3 February 2004

Protest and New Media, 1787

Building on this blog post, more on globalization, graphic agitation, and public relations.

From “Against All Odds,” by Adam Hochschild, Mother Jones, January/February 2004

“The superbly organized anti-slavery committee also pioneered several techniques used ever since. For example, they periodically printed copies of ‘a Letter to our Friends in the Country, to inform them of the state of the Business’ — the ancestor of many a newsletter, print or electronic, published by activist groups today. They also agreed on a piece of text delivered to every donor in greater London appealing for another contribution, at least as big as the last. This may have been history’s first direct-mail fundraising letter.

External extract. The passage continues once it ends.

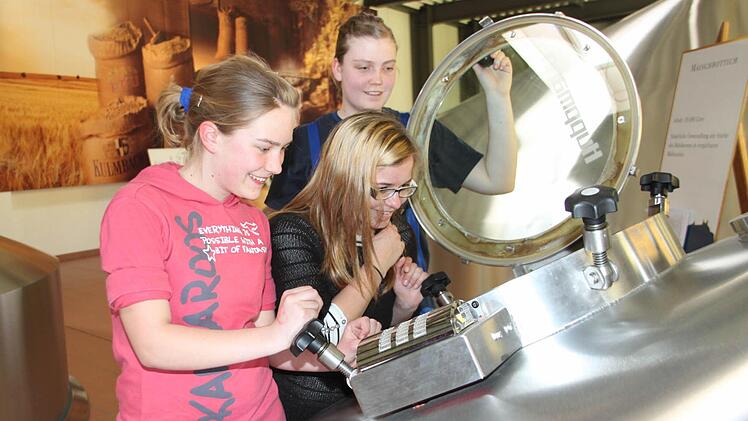 Der Beruf des Brauers ist nicht nur was für Jungs: Die angehende Brauerin und Mälzerin Teresa Klotz gibt im Sudhaus der Kulmbacher Brauerei einen Einblick in den Maischbottich und in ihren Beruf. Vanessa Barthelmann (links) und Clara Thümling hat der Girls Day in der Brauerei gefallen. Fotos: Sebastian Martin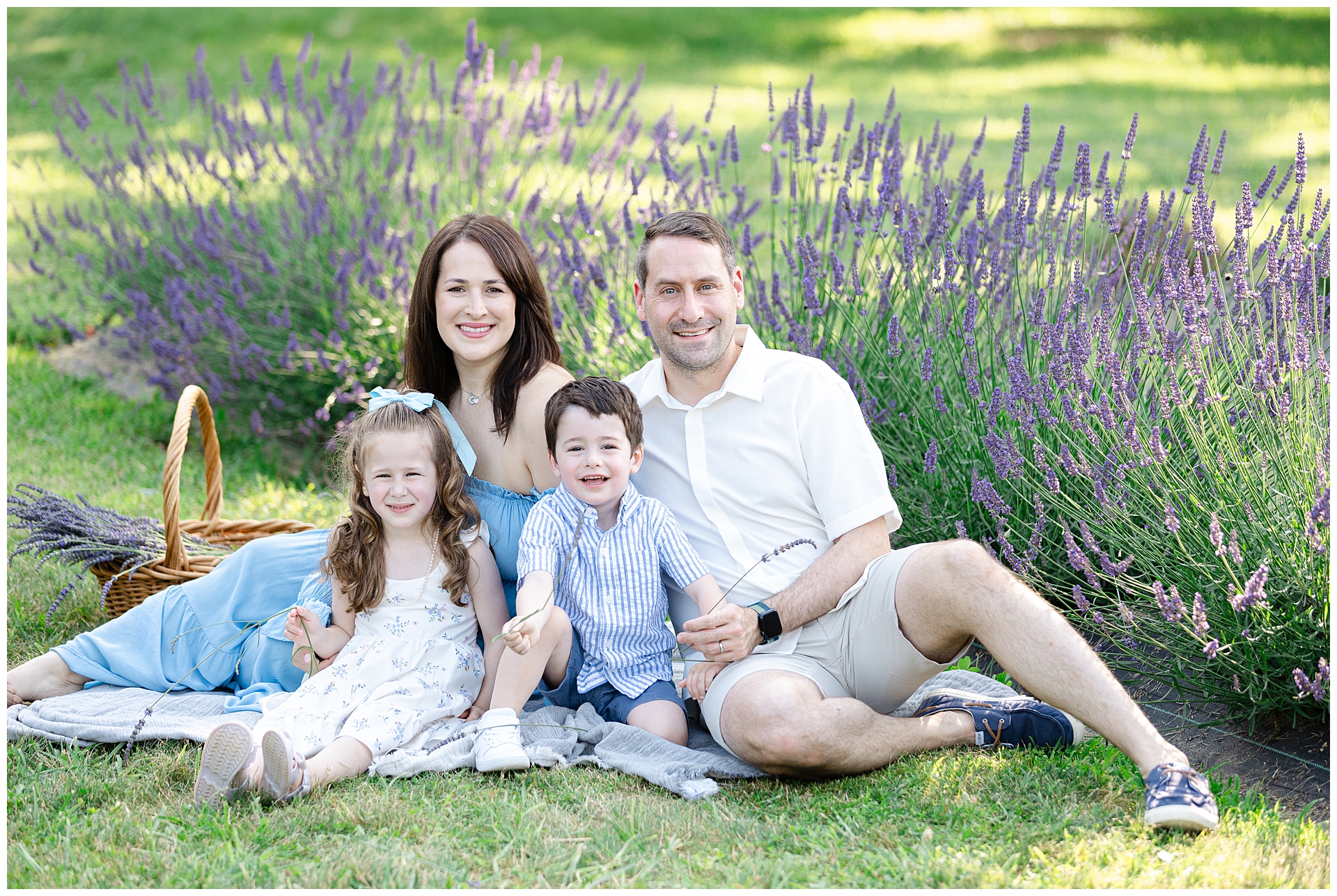 Parents with 2 young children during Montgomery County mini session at Karis Lavender Farm; mother wearing blue dress perfect for a summer lavender session with children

When the famous one-legged pottery entrepreneur Josiah Wedgwood joined the committee, he had one of his craftsmen make a bas-relief of a kneeling slave, in chains, encircled by the legend ‘Am I Not a Man and a Brother?’ American anti-slavery sympathizer Benjamin Franklin, impressed, declared that the image had an impact ‘equal to that of the best written Pamphlet.’ Clarkson gave out 500 of these medallions on his organizing trips. ‘Of the ladies, several wore them in bracelets, and others had them fitted up in an ornamental manner as pins for their hair.’ The equivalent of the lapel buttons we wear for an electoral campaign, this was probably the first widespread use of a logo designed for a political cause. It was the 18th century’s ‘new media.’

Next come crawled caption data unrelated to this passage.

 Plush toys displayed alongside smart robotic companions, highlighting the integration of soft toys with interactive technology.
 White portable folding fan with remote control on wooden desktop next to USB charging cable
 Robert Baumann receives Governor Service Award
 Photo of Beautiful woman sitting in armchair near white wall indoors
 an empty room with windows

Within a few years, another tactic arose from the grassroots. Throughout the length and breadth of the British Isles, people stopped eating the major product harvested by British slaves: sugar. Clarkson was delighted to find a ‘remedy, which the people were... taking into their own hands.... Rich and poor, churchmen and dissenters.... By the best computation I was able to make from notes taken down in my journey, no fewer than three hundred thousand persons had abandoned the use of sugar.’ Almost like ‘fair trade’ food labeling today, advertisements quickly filled the press: ‘BENJAMIN TRAVERS, Sugar-Refiner, acquaints the Publick that he has now an assortment of Loaves, Lumps, Powder Sugar, and Syrup, ready for sale... produced by the labour of FREEMEN.’ Then, as now, the full workings of a globalized economy were largely invisible. The boycott caught people’s imagination because it brought these hidden ties to light. The poet Robert Southey spoke of tea as ‘the blood-sweetened beverage."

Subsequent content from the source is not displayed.